In terms of stations where you do O&M, there are cases where you are involved in the supply of the RNG as well. Is that correct?

Andrew Littlefair

Management

That is something that we see as an advantage. We have long-term relationships where we have built that station. There could have been a time in the past where a transit property got their natural gas from the local utility. Because we know them, and because we are experts in RNG, we have been able to flip transit properties from buying CNG from a utility to where we are now supplying the RNG. That is what I was talking about in my remarks. We have a big list right now of candidates in 2026 where we hope to work that relationship and move them from a competitor supplier—CNG from a utility—and move them over to RNG. We have a workforce, a team of people; that is what they do. We hope to add that. Wish us well on that.

Eric Stine

Analyst

It sounds like that would probably be the bigger objective than getting through your stations where it is at 89% up to 95% to 100%. Is that fair?

Andrew Littlefair

Management

That will help. If we land 4 million gallons or 5 million gallons as an adder where we were doing the maintenance but we were not supplying the gas, and we can flip that to RNG that we are supplying, that is one of the ways that number comes up.

Eric Stine

Analyst

Last one for me. You talked a little bit about the 45Z and waiting on the guidance to be dialed in some, but what conversations are you having in terms of, at some point, monetizing those credits with a third party?

Robert Vreeland

Management

Our expectation is to get into routine monetization. We have already been in the market with the ITC monetizing that, and our team is well connected with third parties there as well.
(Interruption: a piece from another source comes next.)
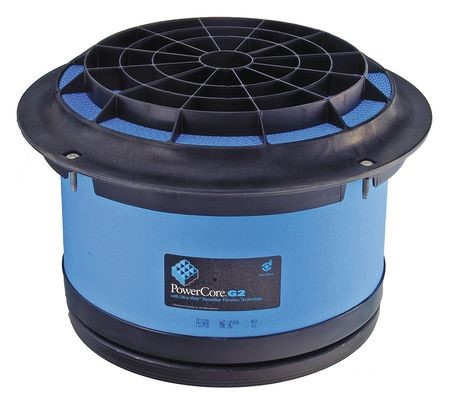 Luber-finer LAF9498 Round Air Filter - 10.02 in H x 14.74 in OD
That is the plan. We also work with our partners on that. We are in a good spot, and there is definitely an appetite out there for the 45Z credits.

Eric Stine

Analyst

Thank you very much.

Andrew Littlefair

Management

Thank you, Eric.

Operator

Operator

Thank you. At this time, there are no further questions in queue. I will now turn the meeting back to Andrew Littlefair.

Andrew Littlefair

Management

Thank you, operator, and thank you, everyone, for joining us. We look forward to speaking with you next time on our first quarter results. Have a good day.

Betty Zhang

Analyst

Thank you.

Operator

Operator

This brings us to the end of today's meeting. We appreciate your time and participation. You may now disconnect.